O silêncio do prefeito de São Luís para o desrespeito aos deficientes Dudu Sousa e Maria de Jesus Chaves nos coletivos da cidade

     aldir

  Foram inúmeros dias de muita indignação, denuncias públicas e comentários na mídia local e nacional, os casos dos deficientes Dudu Sousa e Maria de Jesus Rocha Chaves, que tiveram que ser expostos a violência e riscos de vida para garantir os seus direitos de ir e vir em transportes coletivos que deveriam ser adaptados e garantidos para funcionar.
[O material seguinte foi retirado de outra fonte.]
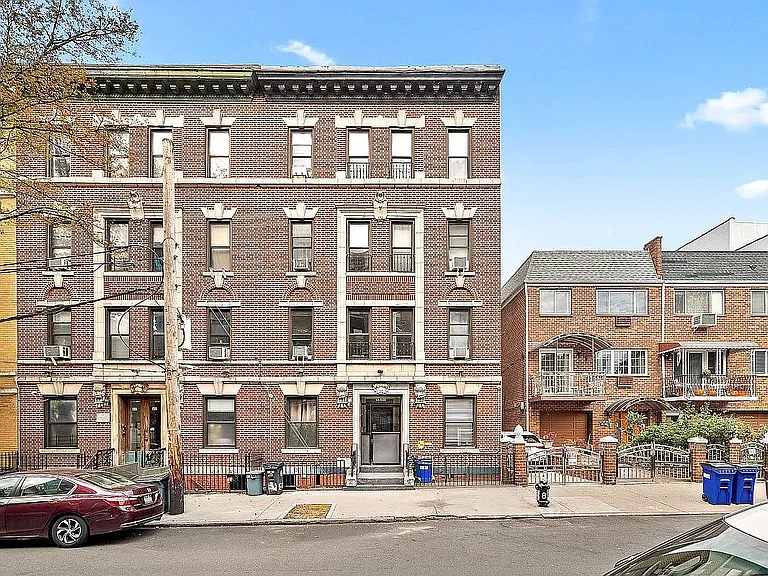 3280 30th St #1R — Photo 1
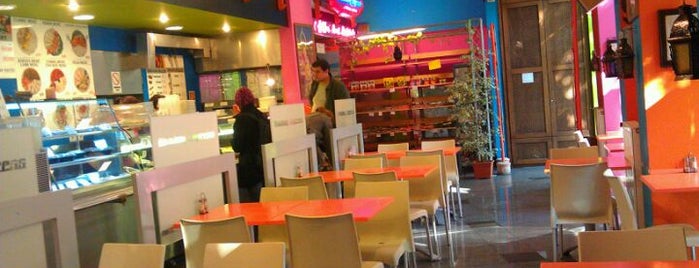 Bombay Express is one of The top cheap fast food restaurants in Budapest.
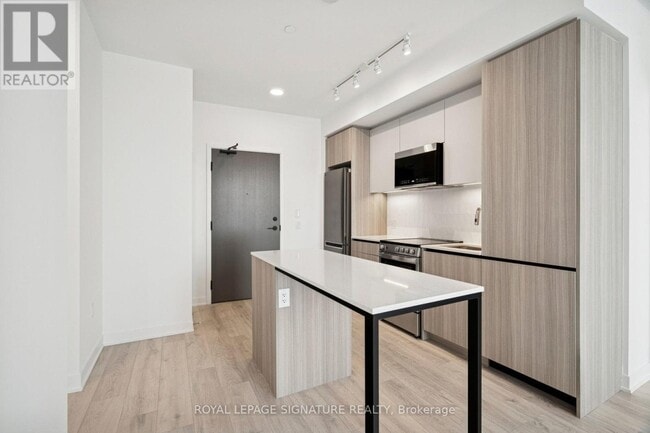 Building Photo - 20 All Nations Dr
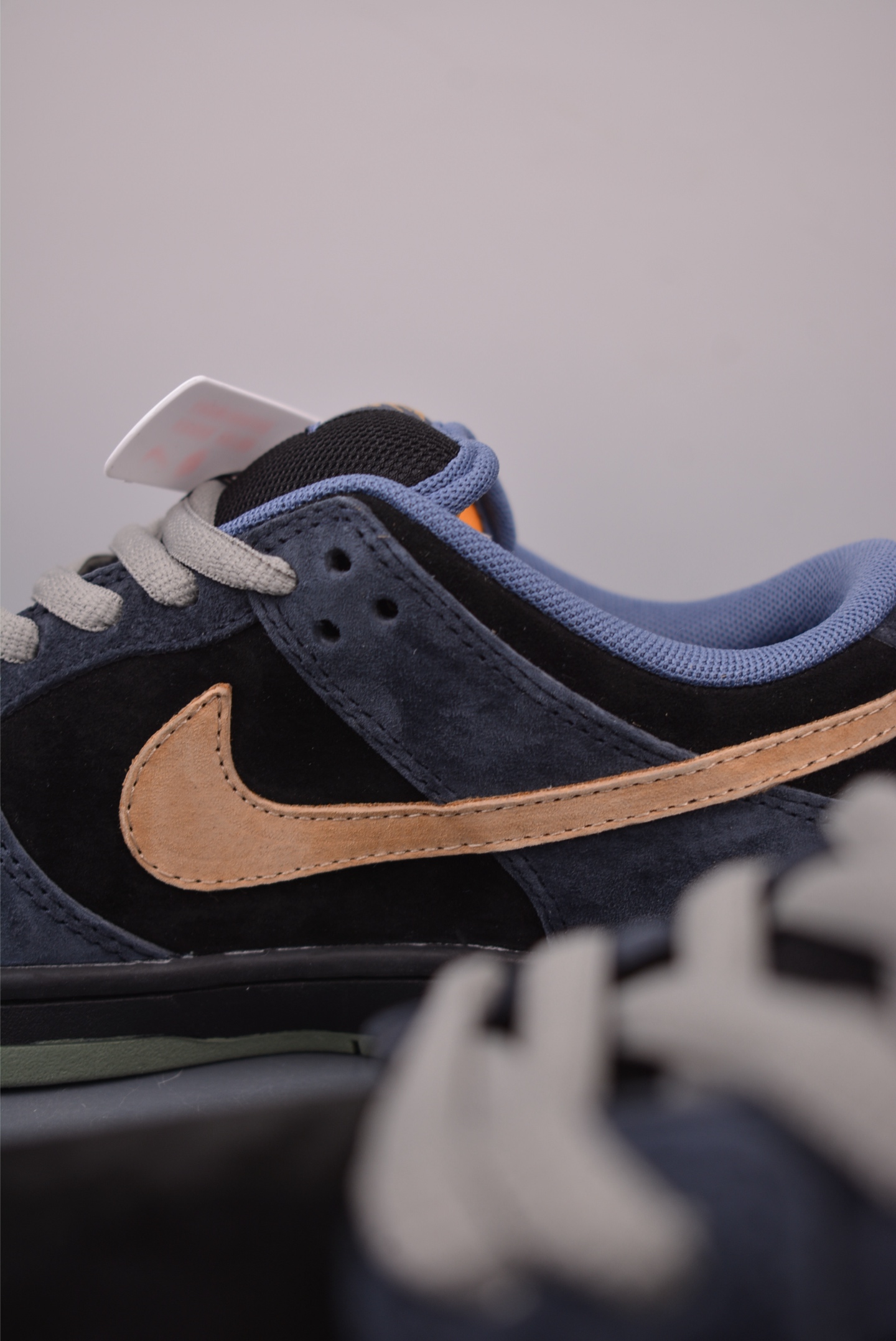 Nike SB Dunk Low HF3063-002-Top High Quatity Cheap Sneakers Fashion Clothing Clothes Bags handbags Shoes of all Brand wholesale With The best Quality And Beautiful Price from China Factory Chinese suppliers wholesaler seller Nike SB Dunk Low HF3063-002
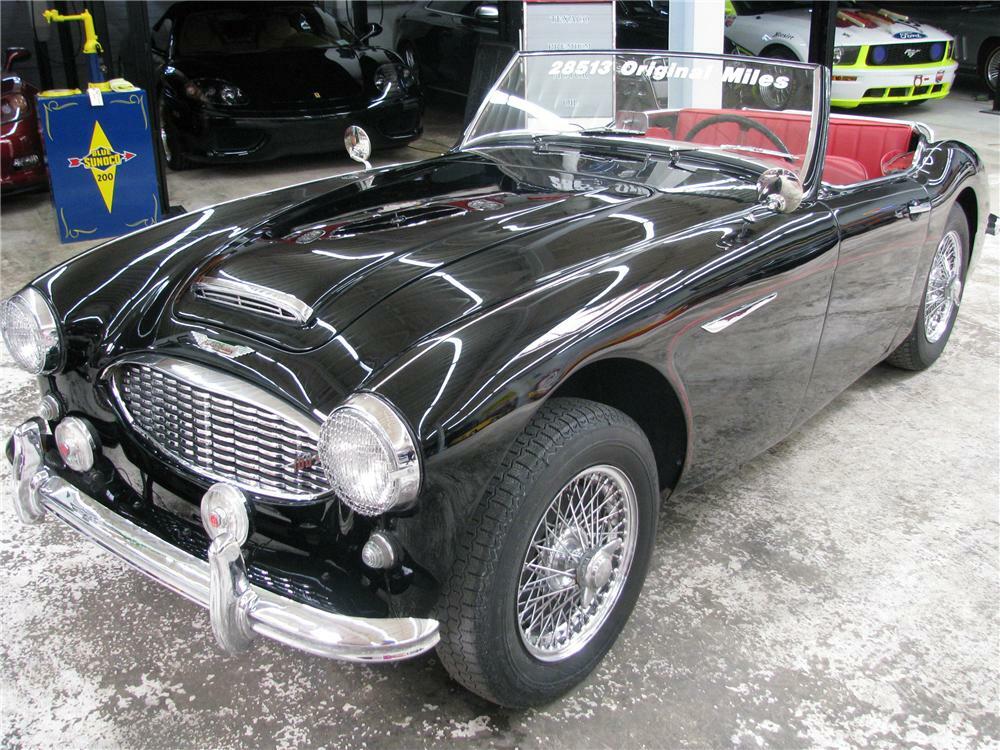 1959 AUSTIN-HEALEY 100-6 CONVERTIBLE - Front 3/4 - 81618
       Diante da séria repercussão, muita gente ficou na expectativa de que o prefeito Edivaldo Holanda Júnior deixaria o seu gabinete por um pequeno período para ir pessoalmente, primeiro pedir desculpas a Dudu Sousa e Maria de Jesus Chaves, pela deficiência da sua administração em não ter sensibilidade para a acessibilidade, e o segundo seria, que diante dos fatos assumir publicamente o compromisso de enfrentar a problemática para oferecer resultados, não apenas na questão dos coletivos, mas principalmente nos mais diversos pontos da cidade e de um modo especial o centro, local de maior precariedade para a acessibilidade.

      Conheço pessoas que sofreram e choraram bem solidárias ao Dudu e sua genitora Liane Sousa e a Maria de Jesus Chaves e não pouparam criticas ao dirigente municipal, levando-se em conta que o problema antigo e sério, infelizmente não é tratado com a devida responsabilidade, em razão de que os gestores públicos não têm um mínimo de respeito para com as pessoas deficientes, mas que acima dos todos direitos que são portadores, têm dignidade e são seres humanos iguais aos demais e  apenas com uma diferença que os seus corações estão sempre recheados de amor e a alma é límpida e pueril.

      O Ministério Público cobra, cobra, ameaça e acaba não avançando, algumas instituições tentam também fazer alguma coisa com a sociedade civil organizada e esbarram em promessas. Os oportunistas políticos fazem os conhecidos discursos que a nada levam. A verdade é que para toda a problemática dos deficientes e dos idosos falta uma decisão politica e ela só poderá vir a partir da organização que chame a atenção da sociedade e mexam com os interesses dos segmentos políticos.

     Estamos próximo de uma eleição, entendo que o posicionamento dos deficientes e idosos, no campo da acessibilidade seria importante. Vocês já pensaram movimentos de cadeirantes e idosos pelas ruas, avenidas e pontes da cidade cobrando apenas o respeito aos seus direitos legítimos e constitucionais, com certeza atrairia muita gente para cobrar dos gestores públicos um pouco de vergonha na cara, o que seria um bom começo.